*WHAT YOU ARE ASKED TO DO*.
Each line from the one containing "NLRB Finds Common Personnel Policies Illegal" to the end of the material below is to be restated exactly, with pictures skipped.

════════

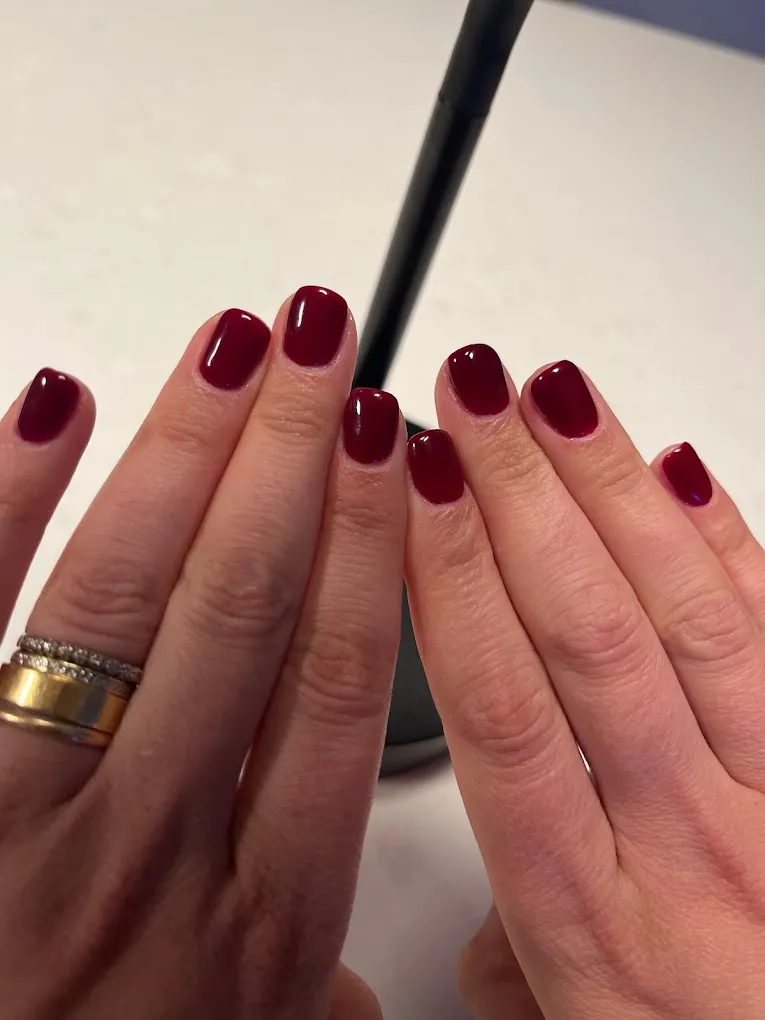 Fernanda's nail design done by Oakville's best nail salon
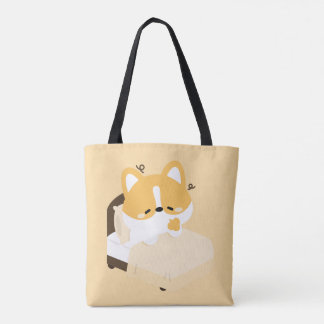 Bolso De Tela Cute Tired Corgi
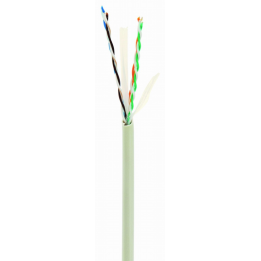 CABLE RED GEMBIRD UTP CAT6 TRENZADO PREMIUM CCA AWG24 BOBINA 305M GRIS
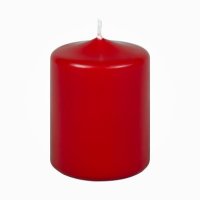 Premium Stumpenkerzen Antik Rot 80 x 60 mm, 1 Stück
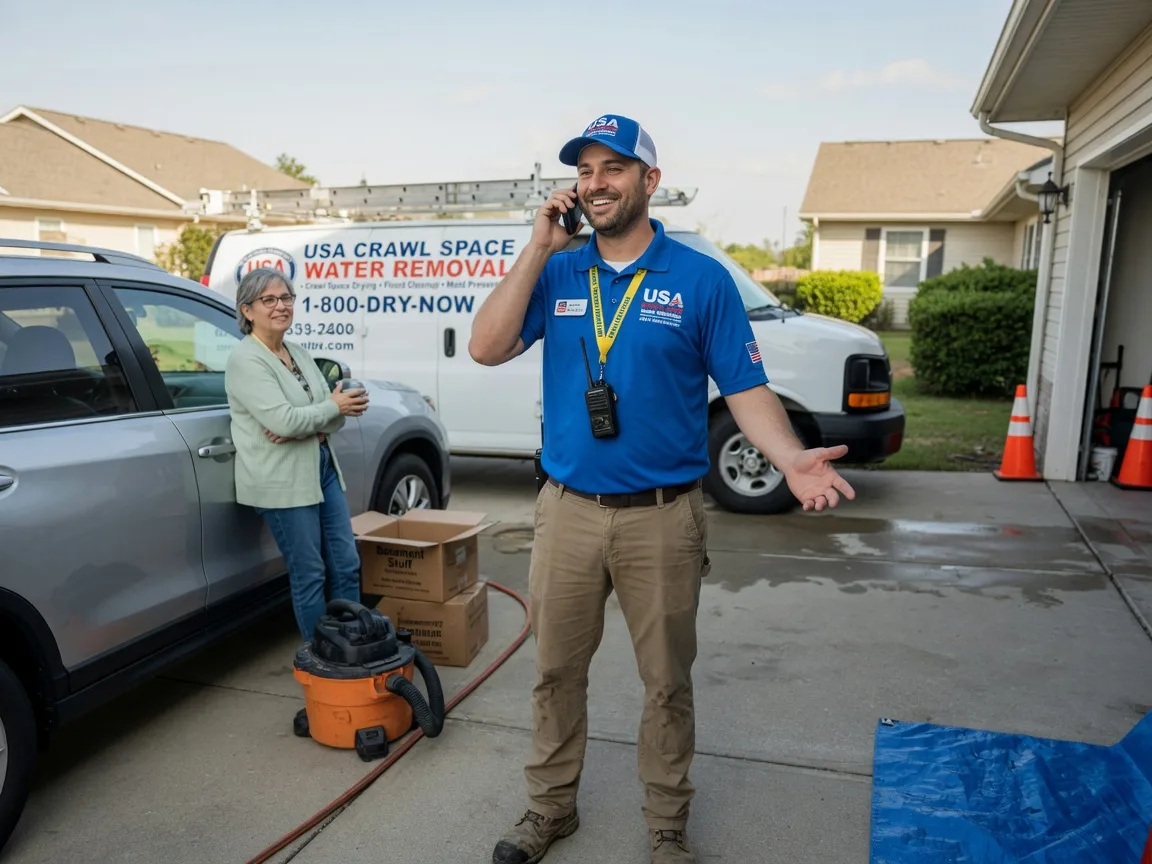 Crawl Space Water Removal Hillsboro, TX FAQs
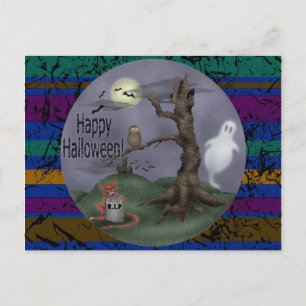 Carte Postale Fantômes d'Halloween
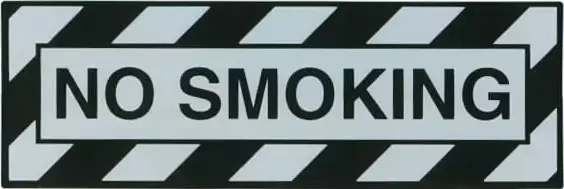 No Smoking Placard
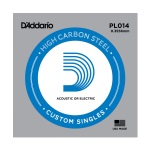D'Addario PL014 Lock Twist Plain Steel Strings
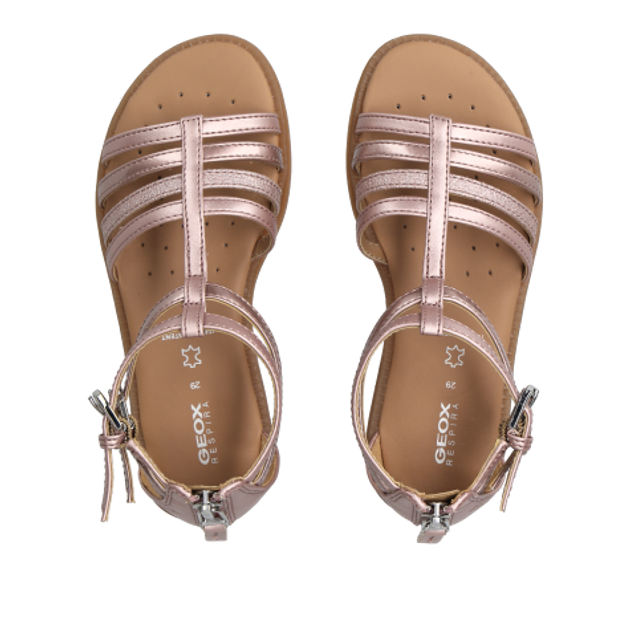 GEOX KARLY GIRL sandals in gold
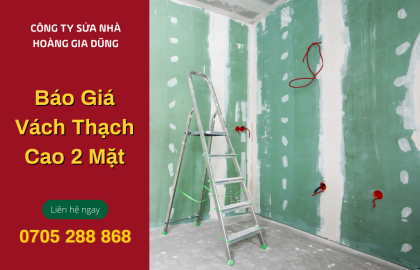 Giá thi công vách thạch cao 2 mặt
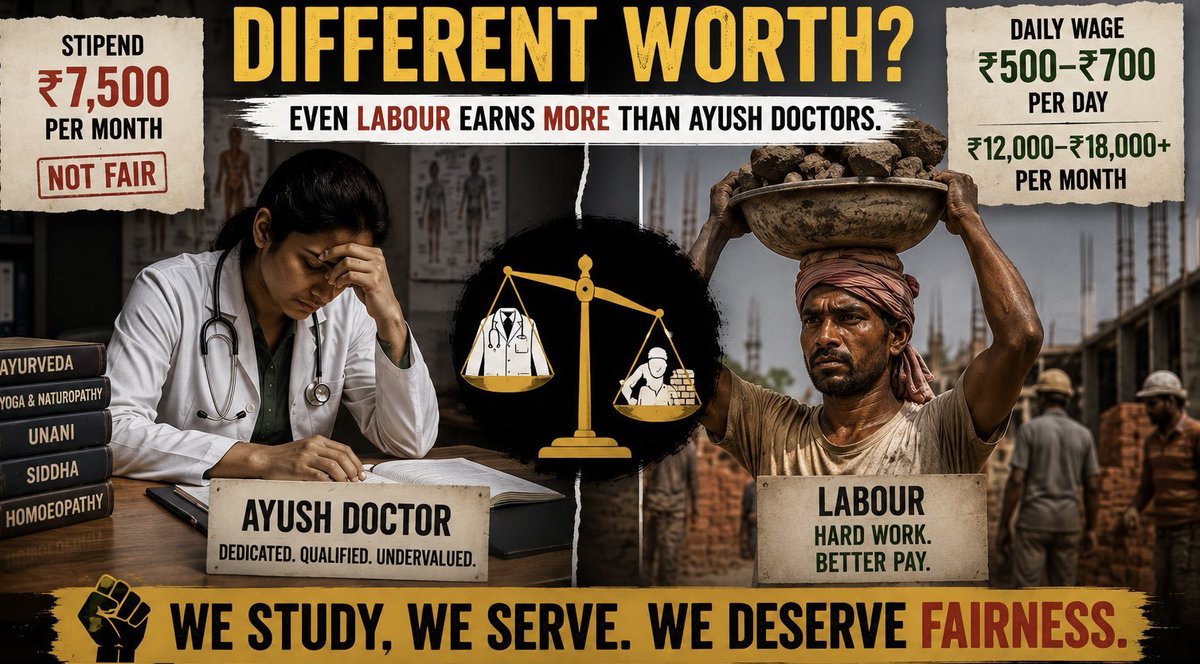 Vaishal50873551's tweet photo. #ayushstipend #increaseAYUSHstipend
#25kforayush https://t.co/lT4fyDh7MP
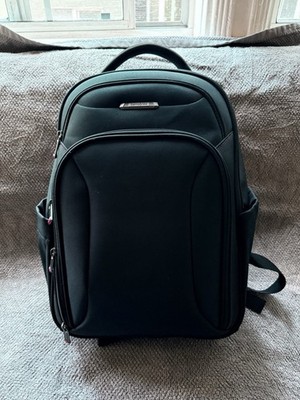 Samsonite Black Nylon Laptop Backpack for 15in Laptop, AIR channel system.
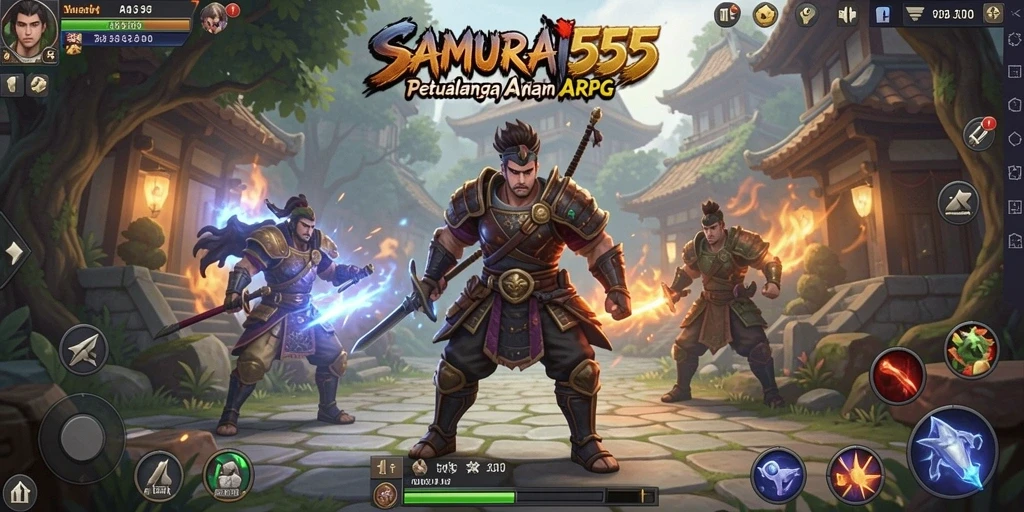 Gameplay seru dalam <strong>SAMURAI555</strong> dengan aksi pertarungan yang mendebarkan.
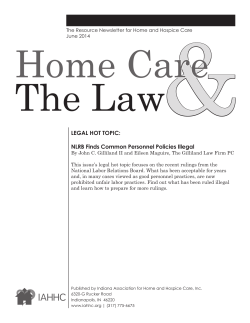 NLRB Finds Common Personnel Policies Illegal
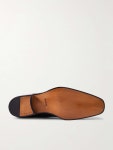 TOM FORD Kenneth Buckled Full-Grain Leather Chelsea Boots for Men | MR PORTER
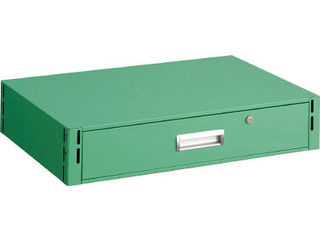 TRUSCO/トラスコ中山 イーグル バーディワゴン用深型1段引出 750X500 ヤンググリーン EGW-75Y-YGの通販は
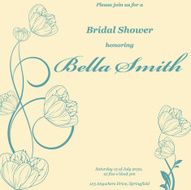 Wedding or invitation card abstract vector flower pattern background N42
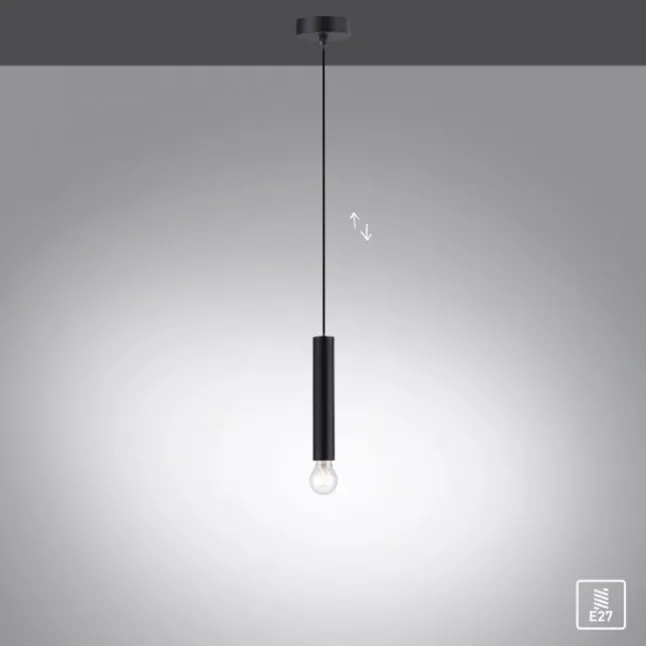 LED Pendelleuchte, zeitlos, schwarz, Innenleuchte,1 flammige Pendellampe
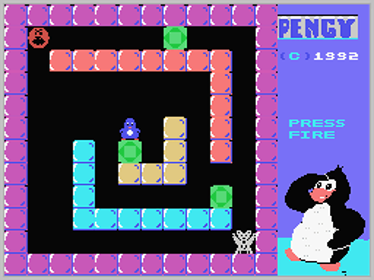 Pengy - Screenshot - Gameplay (World) - 256x192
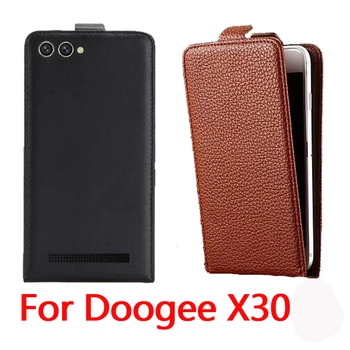 Za Doogee X30 Luksuzni primeru telefon za Doogee X30L Primerih Kritje Fundas Mobilni Telefon Vrečko Flip Navzgor in Navzdol Primeru za Doogee X20L X20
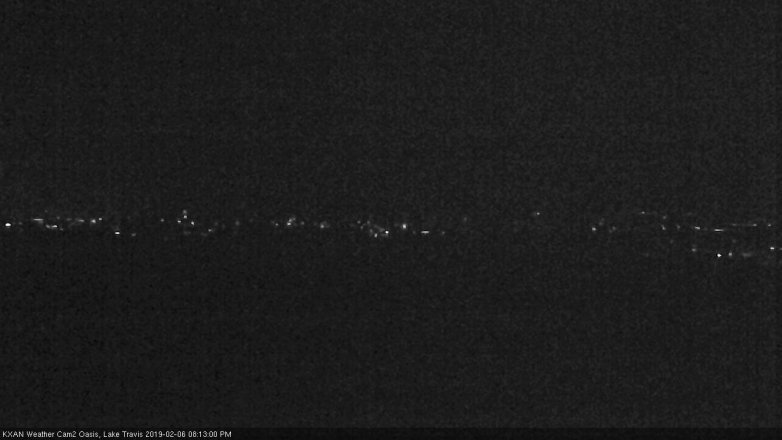 Lake Travis webcam, February 6, 2019 7:15 PM CT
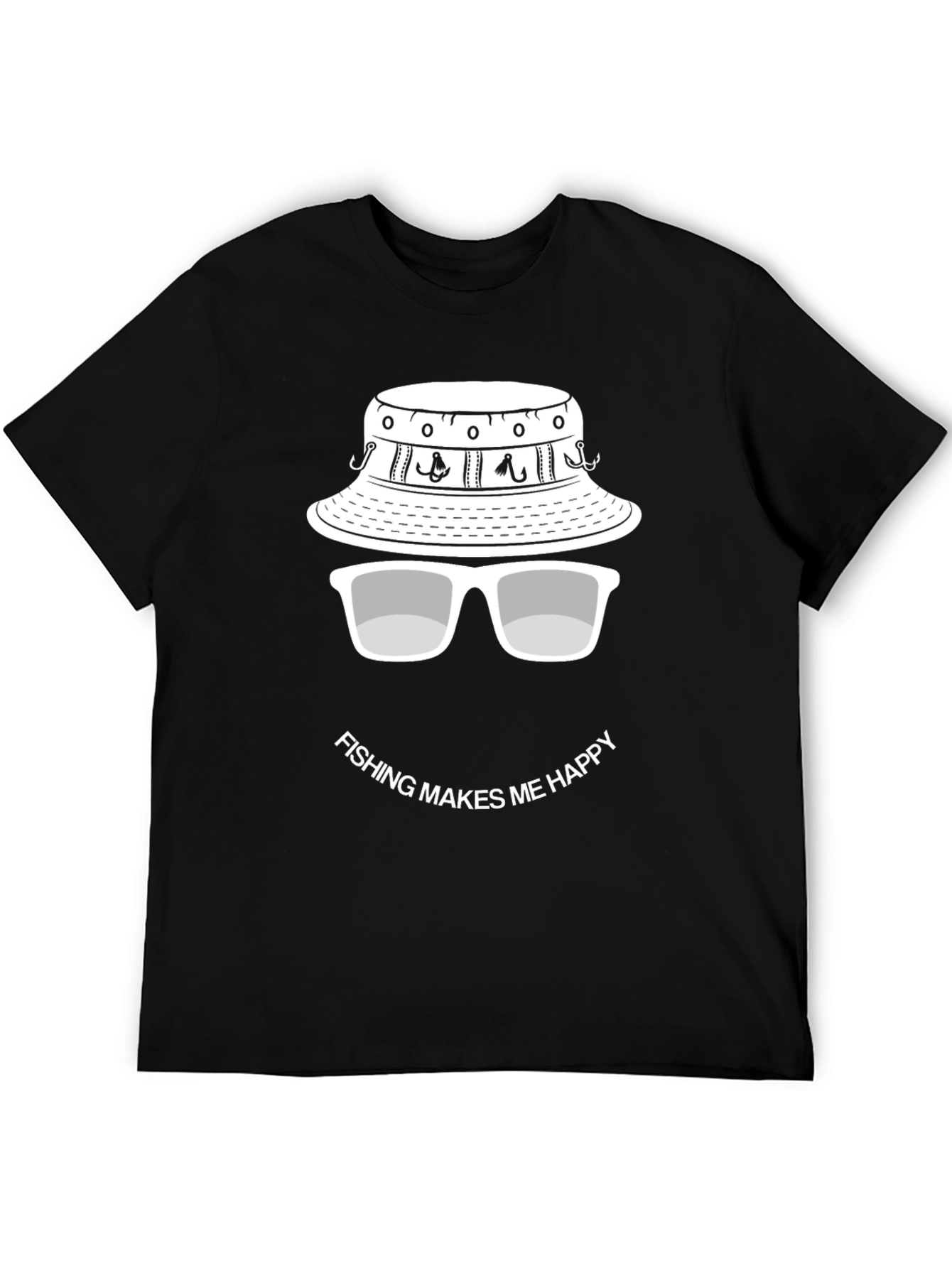 Fishing Makes Me Happy T-Shirt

════════

*ANSWER TO THIS TASK*.
 NLRB Finds Common Personnel Policies Illegal
 TOM FORD Kenneth Buckled Full-Grain Leather Chelsea Boots for Men | MR PORTER
 TRUSCO/トラスコ中山 イーグル バーディワゴン用深型1段引出 750X500 ヤンググリーン EGW-75Y-YGの通販は
 Wedding or invitation card abstract vector flower pattern background N42
 LED Pendelleuchte, zeitlos, schwarz, Innenleuchte,1 flammige Pendellampe
 Pengy - Screenshot - Gameplay (World) - 256x192
 Za Doogee X30 Luksuzni primeru telefon za Doogee X30L Primerih Kritje Fundas Mobilni Telefon Vrečko Flip Navzgor in Navzdol Primeru za Doogee X20L X20
 Lake Travis webcam, February 6, 2019 7:15 PM CT
 Fishing Makes Me Happy T-Shirt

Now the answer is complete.